Immokalee High School is a secondary education school located near Naples, in an unincorporated census-designated place in Collier County, Florida, United States. Immokalee is one of eight public high schools located in Collier County. Immokalee High School is part of the Collier County Public Schools.

== Athletics ==
Immokalee High School is one of the seven Collier County Athletic Conference members.
- Collier County Athletic Conference Football Champions in 2005, 2006 and 2011
- The Indians captured the 2004 2A State Championship in football.
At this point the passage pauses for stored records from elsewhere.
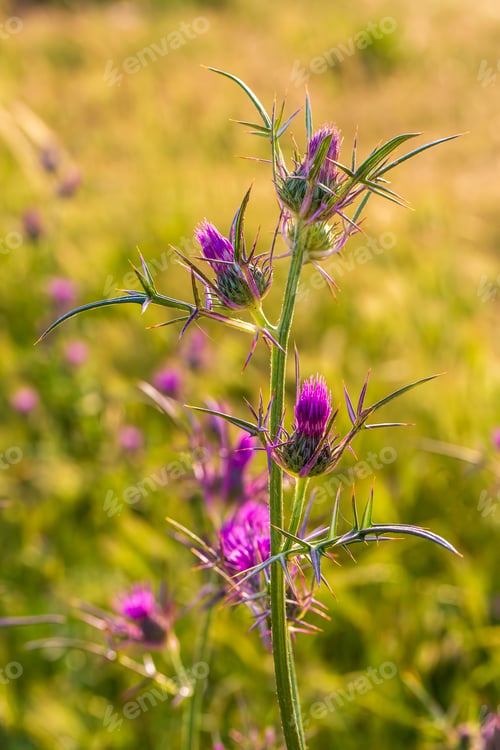 Preview: Notobasis syriaca (Syrian Thistle) the sole species in the genus Notobasis, Asteraceae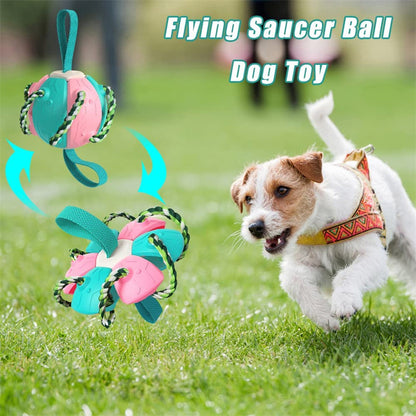 Interactive Dog Soccer Ball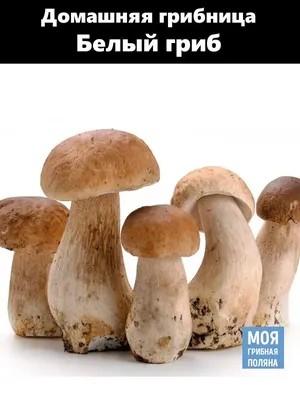 Весенние белые грибы (53 фото) - 53 фото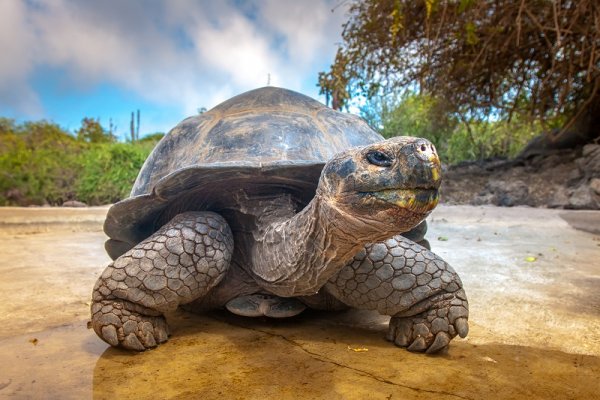 Traditional animal of the Galapagos Islands the Giant Tortoise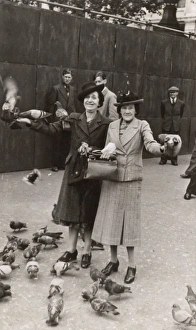 Images Dated 31st March 2017: Two middle-aged women with pigeons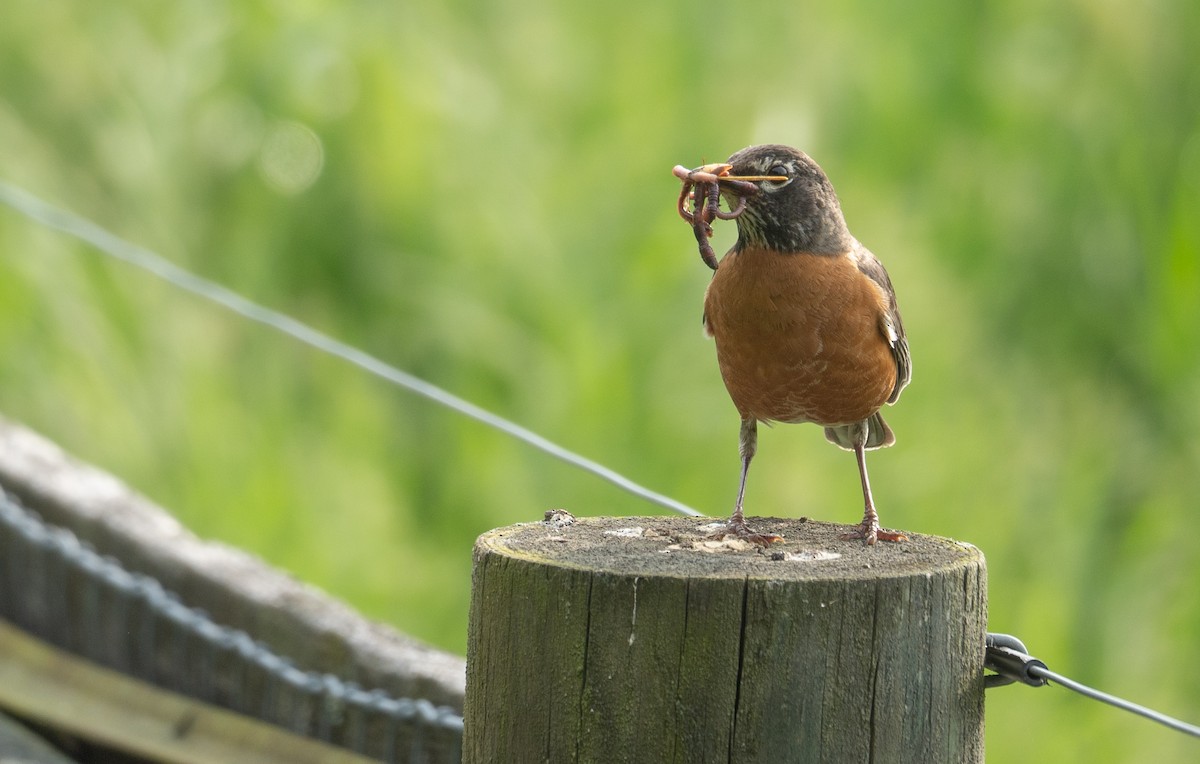 American Robin - Kevin Gong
In 2012 the Indians were the 5A State Runner-up. The Indians claimed regional football championships in 2000, 2003, and 2017.
- The Immokalee boys' Track team captured the 2012 CCAA & 2A Regional Championships.
- The Immokalee boys' Soccer team lost the Regional Final in 2012 and 2013. The Indians captured the Regional title in 2014 & 2016 and were the class 5A state runner-up in 2015.

=== Fall sports ===

- Cross Country
- Football
- Golf
- Volleyball

=== Winter sports ===

- Soccer
- Basketball
- Wrestling

=== Spring sports ===
- Lacrosse
- Baseball
- Softball
- Tennis

== Notable alumni ==

- Mackensie Alexander (2013), former NFL player (Minnesota Vikings)
- Albert Bentley, former NFL player
- Aaron Henry, current college football coach
- Edgerrin James, former NFL player and 2021 Pro Football Hall of Fame Inductee
- Javarris James (2006), former NFL player
- J. C. Jackson (2014), cornerback for Los Angeles Chargers
- D'Ernest Johnson (2014), NFL player (Cleveland Browns)
- Ovince St. Preux (2001), wrestler and collegiate football player for the Tennessee Volunteers, MMA fighter
- Brian Rolle, former NFL player
- Deadrin Senat, NFL Player (Atlanta Falcons)

==Demographics==
=== Gender ===
- Male: 939 (51.82%)
- Female: 873 (48.18%)

=== Ethnicity ===
- White: 26 (1.4%)
- Black: 308 (17%)
- Hispanic: 1,457 (80.4%)
- Multiracial: 9 (0.35%)
- Native American: 11 (0.61%)
- Asian: 1 (0.06%)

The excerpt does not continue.